* [Work request]:
Transcribe each record exactly as it appears.

* [Input data]:
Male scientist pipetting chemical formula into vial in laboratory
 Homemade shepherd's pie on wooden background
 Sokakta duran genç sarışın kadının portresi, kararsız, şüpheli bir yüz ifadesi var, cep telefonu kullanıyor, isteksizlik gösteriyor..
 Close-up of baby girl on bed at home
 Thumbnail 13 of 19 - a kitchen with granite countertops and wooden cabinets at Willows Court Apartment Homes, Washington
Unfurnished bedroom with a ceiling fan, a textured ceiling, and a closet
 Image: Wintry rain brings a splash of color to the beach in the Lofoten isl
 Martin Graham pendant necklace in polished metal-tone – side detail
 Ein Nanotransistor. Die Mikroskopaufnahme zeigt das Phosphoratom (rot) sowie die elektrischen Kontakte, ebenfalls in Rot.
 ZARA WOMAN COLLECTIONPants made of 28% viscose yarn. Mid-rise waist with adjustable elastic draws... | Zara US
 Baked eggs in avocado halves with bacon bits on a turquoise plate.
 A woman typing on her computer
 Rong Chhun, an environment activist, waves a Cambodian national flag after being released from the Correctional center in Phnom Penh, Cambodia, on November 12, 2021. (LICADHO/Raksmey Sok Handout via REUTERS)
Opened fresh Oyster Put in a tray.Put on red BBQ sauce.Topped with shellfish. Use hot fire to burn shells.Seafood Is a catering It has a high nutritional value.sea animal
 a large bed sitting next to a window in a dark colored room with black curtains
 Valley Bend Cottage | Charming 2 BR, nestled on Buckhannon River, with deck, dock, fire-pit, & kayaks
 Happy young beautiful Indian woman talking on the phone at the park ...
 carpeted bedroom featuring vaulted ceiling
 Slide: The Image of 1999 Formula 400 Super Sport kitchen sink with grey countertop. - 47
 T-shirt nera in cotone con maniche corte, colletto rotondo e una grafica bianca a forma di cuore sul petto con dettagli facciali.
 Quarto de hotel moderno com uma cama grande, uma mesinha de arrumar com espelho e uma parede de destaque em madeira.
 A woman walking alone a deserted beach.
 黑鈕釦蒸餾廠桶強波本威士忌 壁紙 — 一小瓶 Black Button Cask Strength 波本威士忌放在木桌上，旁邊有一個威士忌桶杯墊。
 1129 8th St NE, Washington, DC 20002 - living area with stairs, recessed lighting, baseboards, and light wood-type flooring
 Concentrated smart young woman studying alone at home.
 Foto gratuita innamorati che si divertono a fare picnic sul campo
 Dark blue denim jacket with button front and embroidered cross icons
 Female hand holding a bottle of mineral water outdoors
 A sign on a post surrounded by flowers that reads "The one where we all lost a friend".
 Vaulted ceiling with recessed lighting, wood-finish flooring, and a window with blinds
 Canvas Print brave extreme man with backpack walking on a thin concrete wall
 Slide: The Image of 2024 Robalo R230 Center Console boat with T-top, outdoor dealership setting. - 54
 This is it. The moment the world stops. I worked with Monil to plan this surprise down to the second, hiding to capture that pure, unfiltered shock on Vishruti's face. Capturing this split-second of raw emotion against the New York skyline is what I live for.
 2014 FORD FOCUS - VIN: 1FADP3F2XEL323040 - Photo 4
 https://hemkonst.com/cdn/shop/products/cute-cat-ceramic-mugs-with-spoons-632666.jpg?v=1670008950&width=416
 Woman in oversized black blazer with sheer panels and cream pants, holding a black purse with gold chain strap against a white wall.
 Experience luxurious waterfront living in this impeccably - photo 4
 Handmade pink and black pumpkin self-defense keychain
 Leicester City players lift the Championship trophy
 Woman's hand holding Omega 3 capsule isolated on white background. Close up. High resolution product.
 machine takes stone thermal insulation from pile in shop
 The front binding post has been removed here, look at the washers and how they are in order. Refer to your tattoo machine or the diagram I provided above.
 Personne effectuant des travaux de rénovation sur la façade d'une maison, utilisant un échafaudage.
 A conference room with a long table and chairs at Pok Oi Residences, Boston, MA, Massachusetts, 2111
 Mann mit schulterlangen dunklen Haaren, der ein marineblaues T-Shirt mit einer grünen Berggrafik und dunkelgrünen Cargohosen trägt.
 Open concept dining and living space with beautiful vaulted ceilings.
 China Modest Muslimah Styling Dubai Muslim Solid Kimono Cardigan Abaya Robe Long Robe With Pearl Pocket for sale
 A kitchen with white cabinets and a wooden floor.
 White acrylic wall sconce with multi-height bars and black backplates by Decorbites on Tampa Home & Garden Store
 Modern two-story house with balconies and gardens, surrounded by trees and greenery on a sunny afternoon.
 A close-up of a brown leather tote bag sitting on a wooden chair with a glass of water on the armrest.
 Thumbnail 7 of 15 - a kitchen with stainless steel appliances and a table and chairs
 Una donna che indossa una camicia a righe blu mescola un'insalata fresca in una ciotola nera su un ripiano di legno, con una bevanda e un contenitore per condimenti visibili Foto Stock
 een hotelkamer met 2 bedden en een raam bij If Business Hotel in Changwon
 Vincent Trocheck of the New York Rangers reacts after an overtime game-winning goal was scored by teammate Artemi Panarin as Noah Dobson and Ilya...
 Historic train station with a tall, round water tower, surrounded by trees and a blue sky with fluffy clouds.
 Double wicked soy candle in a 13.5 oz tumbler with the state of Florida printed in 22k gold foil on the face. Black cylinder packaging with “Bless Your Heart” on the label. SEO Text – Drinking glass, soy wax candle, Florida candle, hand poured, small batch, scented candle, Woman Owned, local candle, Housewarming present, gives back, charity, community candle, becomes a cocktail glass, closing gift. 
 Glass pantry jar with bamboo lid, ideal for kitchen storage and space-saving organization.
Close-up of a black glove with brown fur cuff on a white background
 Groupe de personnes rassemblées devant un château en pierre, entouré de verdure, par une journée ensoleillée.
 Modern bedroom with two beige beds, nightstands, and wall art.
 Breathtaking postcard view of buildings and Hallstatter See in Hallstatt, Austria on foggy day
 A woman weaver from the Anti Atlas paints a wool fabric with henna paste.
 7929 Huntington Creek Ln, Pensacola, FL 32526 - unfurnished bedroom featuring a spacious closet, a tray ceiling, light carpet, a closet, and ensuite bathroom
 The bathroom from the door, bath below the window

* [Written response]:
Male scientist pipetting chemical formula into vial in laboratory
 Homemade shepherd's pie on wooden background
 Sokakta duran genç sarışın kadının portresi, kararsız, şüpheli bir yüz ifadesi var, cep telefonu kullanıyor, isteksizlik gösteriyor..
 Close-up of baby girl on bed at home
 Thumbnail 13 of 19 - a kitchen with granite countertops and wooden cabinets at Willows Court Apartment Homes, Washington
Unfurnished bedroom with a ceiling fan, a textured ceiling, and a closet
 Image: Wintry rain brings a splash of color to the beach in the Lofoten isl
 Martin Graham pendant necklace in polished metal-tone – side detail
 Ein Nanotransistor. Die Mikroskopaufnahme zeigt das Phosphoratom (rot) sowie die elektrischen Kontakte, ebenfalls in Rot.
 ZARA WOMAN COLLECTIONPants made of 28% viscose yarn. Mid-rise waist with adjustable elastic draws... | Zara US
 Baked eggs in avocado halves with bacon bits on a turquoise plate.
 A woman typing on her computer
 Rong Chhun, an environment activist, waves a Cambodian national flag after being released from the Correctional center in Phnom Penh, Cambodia, on November 12, 2021. (LICADHO/Raksmey Sok Handout via REUTERS)
Opened fresh Oyster Put in a tray.Put on red BBQ sauce.Topped with shellfish. Use hot fire to burn shells.Seafood Is a catering It has a high nutritional value.sea animal
 a large bed sitting next to a window in a dark colored room with black curtains
 Valley Bend Cottage | Charming 2 BR, nestled on Buckhannon River, with deck, dock, fire-pit, & kayaks
 Happy young beautiful Indian woman talking on the phone at the park ...
 carpeted bedroom featuring vaulted ceiling
 Slide: The Image of 1999 Formula 400 Super Sport kitchen sink with grey countertop. - 47
 T-shirt nera in cotone con maniche corte, colletto rotondo e una grafica bianca a forma di cuore sul petto con dettagli facciali.
 Quarto de hotel moderno com uma cama grande, uma mesinha de arrumar com espelho e uma parede de destaque em madeira.
 A woman walking alone a deserted beach.
 黑鈕釦蒸餾廠桶強波本威士忌 壁紙 — 一小瓶 Black Button Cask Strength 波本威士忌放在木桌上，旁邊有一個威士忌桶杯墊。
 1129 8th St NE, Washington, DC 20002 - living area with stairs, recessed lighting, baseboards, and light wood-type flooring
 Concentrated smart young woman studying alone at home.
 Foto gratuita innamorati che si divertono a fare picnic sul campo
 Dark blue denim jacket with button front and embroidered cross icons
 Female hand holding a bottle of mineral water outdoors
 A sign on a post surrounded by flowers that reads "The one where we all lost a friend".
 Vaulted ceiling with recessed lighting, wood-finish flooring, and a window with blinds
 Canvas Print brave extreme man with backpack walking on a thin concrete wall
 Slide: The Image of 2024 Robalo R230 Center Console boat with T-top, outdoor dealership setting. - 54
 This is it. The moment the world stops. I worked with Monil to plan this surprise down to the second, hiding to capture that pure, unfiltered shock on Vishruti's face. Capturing this split-second of raw emotion against the New York skyline is what I live for.
 2014 FORD FOCUS - VIN: 1FADP3F2XEL323040 - Photo 4
 https://hemkonst.com/cdn/shop/products/cute-cat-ceramic-mugs-with-spoons-632666.jpg?v=1670008950&width=416
 Woman in oversized black blazer with sheer panels and cream pants, holding a black purse with gold chain strap against a white wall.
 Experience luxurious waterfront living in this impeccably - photo 4
 Handmade pink and black pumpkin self-defense keychain
 Leicester City players lift the Championship trophy
 Woman's hand holding Omega 3 capsule isolated on white background. Close up. High resolution product.
 machine takes stone thermal insulation from pile in shop
 The front binding post has been removed here, look at the washers and how they are in order. Refer to your tattoo machine or the diagram I provided above.
 Personne effectuant des travaux de rénovation sur la façade d'une maison, utilisant un échafaudage.
 A conference room with a long table and chairs at Pok Oi Residences, Boston, MA, Massachusetts, 2111
 Mann mit schulterlangen dunklen Haaren, der ein marineblaues T-Shirt mit einer grünen Berggrafik und dunkelgrünen Cargohosen trägt.
 Open concept dining and living space with beautiful vaulted ceilings.
 China Modest Muslimah Styling Dubai Muslim Solid Kimono Cardigan Abaya Robe Long Robe With Pearl Pocket for sale
 A kitchen with white cabinets and a wooden floor.
 White acrylic wall sconce with multi-height bars and black backplates by Decorbites on Tampa Home & Garden Store
 Modern two-story house with balconies and gardens, surrounded by trees and greenery on a sunny afternoon.
 A close-up of a brown leather tote bag sitting on a wooden chair with a glass of water on the armrest.
 Thumbnail 7 of 15 - a kitchen with stainless steel appliances and a table and chairs
 Una donna che indossa una camicia a righe blu mescola un'insalata fresca in una ciotola nera su un ripiano di legno, con una bevanda e un contenitore per condimenti visibili Foto Stock
 een hotelkamer met 2 bedden en een raam bij If Business Hotel in Changwon
 Vincent Trocheck of the New York Rangers reacts after an overtime game-winning goal was scored by teammate Artemi Panarin as Noah Dobson and Ilya...
 Historic train station with a tall, round water tower, surrounded by trees and a blue sky with fluffy clouds.
 Double wicked soy candle in a 13.5 oz tumbler with the state of Florida printed in 22k gold foil on the face. Black cylinder packaging with “Bless Your Heart” on the label. SEO Text – Drinking glass, soy wax candle, Florida candle, hand poured, small batch, scented candle, Woman Owned, local candle, Housewarming present, gives back, charity, community candle, becomes a cocktail glass, closing gift. 
 Glass pantry jar with bamboo lid, ideal for kitchen storage and space-saving organization.
Close-up of a black glove with brown fur cuff on a white background
 Groupe de personnes rassemblées devant un château en pierre, entouré de verdure, par une journée ensoleillée.
 Modern bedroom with two beige beds, nightstands, and wall art.
 Breathtaking postcard view of buildings and Hallstatter See in Hallstatt, Austria on foggy day
 A woman weaver from the Anti Atlas paints a wool fabric with henna paste.
 7929 Huntington Creek Ln, Pensacola, FL 32526 - unfurnished bedroom featuring a spacious closet, a tray ceiling, light carpet, a closet, and ensuite bathroom
 The bathroom from the door, bath below the window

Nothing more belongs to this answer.